Brown seaweeds contain a variety of saccharides which have potential industrial uses. The most abundant polysaccharide in brown seaweed is typically alginate, consisting of mannuronic (M) and guluronic acid (G). The ratio of these residues fundamentally determines the physicochemical properties of alginate. In the present study, gas chromatography/mass spectrometry (GC/MS) was used to give a detailed breakdown of the monosaccharide species in North Atlantic brown seaweeds. The anthrone method was used for determination of crystalline cellulose.

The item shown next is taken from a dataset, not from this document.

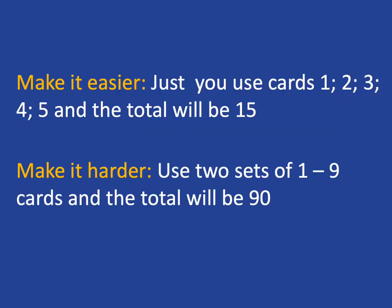If your learners are struggling with addition, you can make it easier by just using the cards one, two, three, four, and five, in which case the total will just be fifteen, and they can try that a few times before going on to more numbers.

The experimental data was used to calibrate multivariate prediction models for estimation of total carbohydrates, crystalline cellulose, total alginate and alginate M/G ratio directly in dried, brown seaweed using three types of infrared spectroscopy, using relative error (RE) as a measure of predictive accuracy. Diffuse reflectance infrared Fourier transform spectroscopy (DRIFTS) performed well for the estimation of total alginate (RE = 0.12, R2 = 0.82), and attenuated total reflectance (ATR) showed good prediction of M/G ratio (RE = 0.14, R2 = 0.86). Both DRIFTS, ATR and near infrared (NIR) were unable to predict crystalline cellulose and only DRIFTS performed better in determining total carbohydrates. Multivariate spectral analysis is a promising method for easy and rapid characterization of alginate and M/G ratio in seaweed.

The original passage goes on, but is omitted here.